The heavyweight division, which many believe determines the relevancy of boxing to the larger world, remains a vast desert of disinterest here in the US. The Klitschko brothers, Vitali and Wladimir, hold 75 per cent of the title belts but few peoples’ imaginations in the US, although to be fair they are European superstars and don’t really need U.S. cable TV money to thrive economically.

Each defended their titles twice this year, Vitali against lame competition (Albert Sosnowski and Shannon Briggs) and Wladimir against better fighters (Sam Peter and Eddie Chambers) but not competitive ones. Sadly, there is no American on the horizon to challenge them, a comment on the division and on our country, where the athletes who used to be Joe Louis or Muhammad Ali now opt for the easier and frankly safer road of the NFL or the NBA. Who can blame them considering all the nonsense a fighter has to go through to just make a living these days?

The one heavyweight match that would be compelling and might lift the sport up for at least a night would be either of the Klitschkos facing lippy WBA champion David Haye. The fast-talking Brit claims to not be ducking them but he’s had more maladies befall him after shouting from the rooftops how much he wants to challenge them that you have to wonder if Haye is simply a case of big hat no cattle syndrome.

For the sake of the sport, we should all be lighting candles each night in hopes our prayers will be answered and Haye will finally agree to meet one of them. It may not prove to be much of a fight but at least it will give us something to talk about for a few months.

Whatever Haye and the Klitschkos decide the fighter with the most upside at the moment however seems to be Sergio Martinez.  He has matinee idol looks, a big enough punch to put Paul Williams to sleep with one shot and a work ethic second to none. The Argentine fighter had a year for himself, starting with a drubbing of Kelly Pavlik followed by his demolishment of Williams. Those kinds of victories, coupled with his Oscar De La Hoya-like looks, are the type of things that if HBO or SHOWTIME would get behind him could allow Martinez to capture the attention of both fight fans and more casual ones.

In general, Hispanics fighters continued to dominate much of the sport’s front pages with Juan Manuel Marquez’s two victories in lightweight title fights leading that storyline. His war with Michael Katsidis is a strong candidate for Fight of the Year and his technical skill and calm demeanor make him the uncrowned challenger to Pacquiao.

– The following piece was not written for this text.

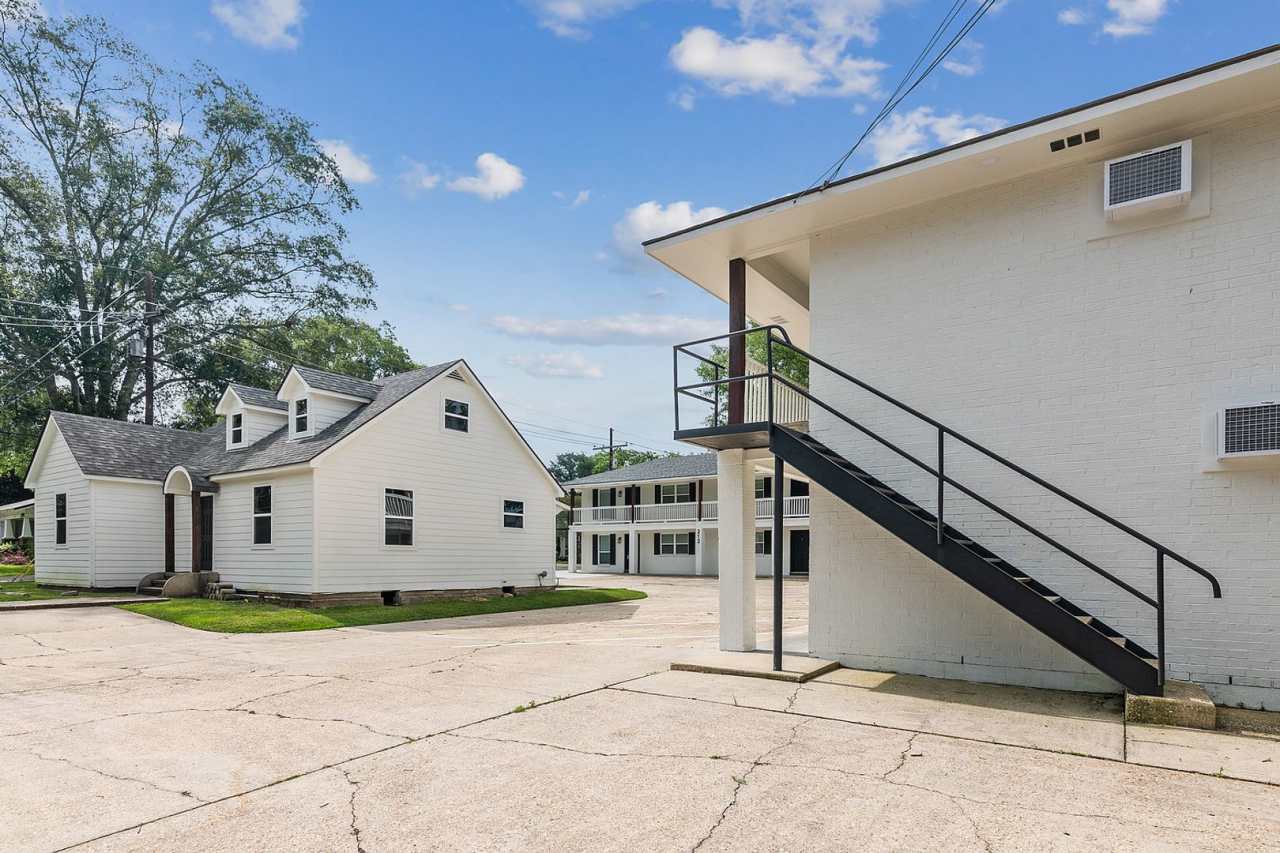 210/212 Centerville Street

The two have unfinished business that should be settled this year if Arum stops standing in the way.

Two other fighters who gave us moments to remember in 2010 were Juan Manuel Lopez, who knocked out three solid opponents including highly respected Mexican warrior Rafael Marquez, and Giovani Segura, who won four times (that’s three years work for Mayweather) in 2010, all by knockout. Along the way, Segura defeated one of the great minimum weight fighters in history, slick Ivan Calderon, to win the belt on Aug. 28.

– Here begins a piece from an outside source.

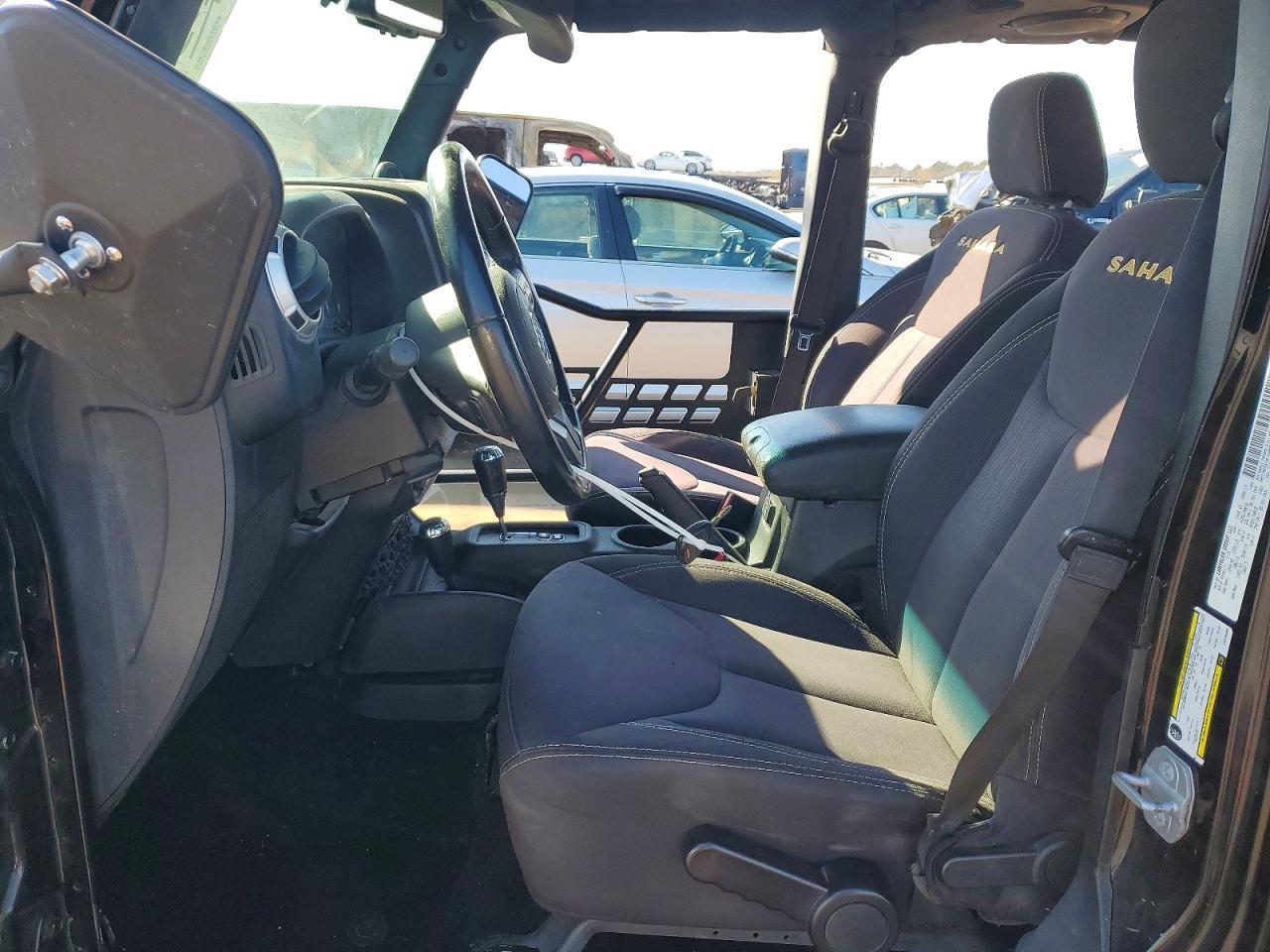 2014 Jeep Wrangler Unlimited Sahara - Фото 7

Lastly, boxing gave us another magical cinematic moment as well with the release of “The Fighter,’’ a film based on the life and hard times of junior welterweight scrapper Micky Ward. The film has won rave reviews and many awards and seems likely to have several of its actors nominated for Academy Awards, most notable Christian Bale for his sadly humorous portrayal of Ward’s troubled half brother, former fighter Dickie Ecklund.

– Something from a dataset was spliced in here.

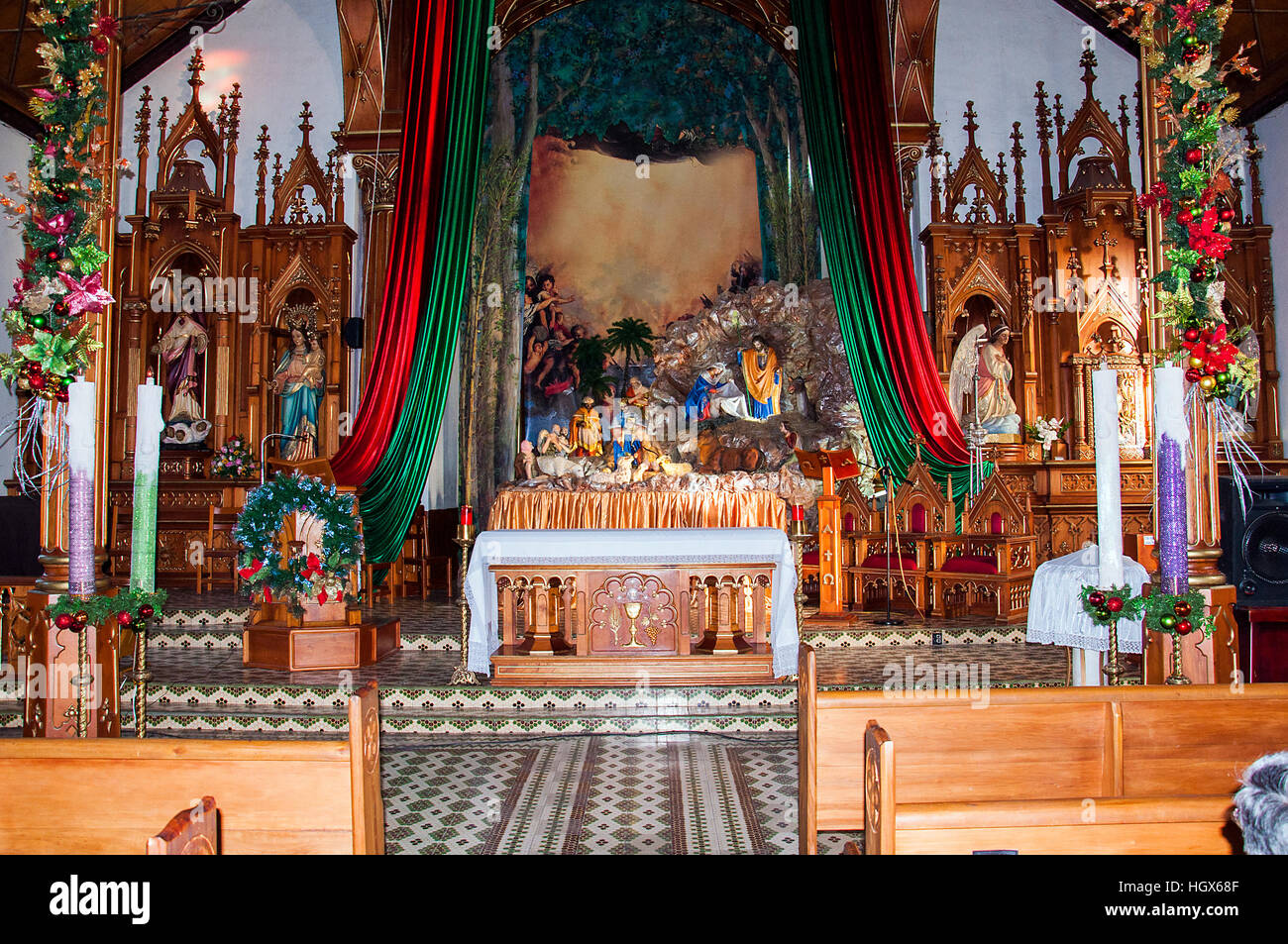 innere Bilder der Kirche unserer lieben Frau Carmen in Guatape, Medellin, Kolumbien Stockfoto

Boxing has a long history of providing the framework for memorable movies and it did it again with “The Fighter,’’ a film that did more for boxing than any promoter did all year.

All in all, it wasn’t the best of years for boxing but it was a good year that picked up speed in the final months and, like that great golf shot you finally hit out of the rough on the 18th, left us with reasons to hope for a better year in 2011. If somehow it gives us Mayweather-Pacquiao, the emergence of Alvarez and Rios, the ascension of Martinez and Haye vs. the best available Klitschko in addition to the kind of solid performances that always come along, it could be a year to remember.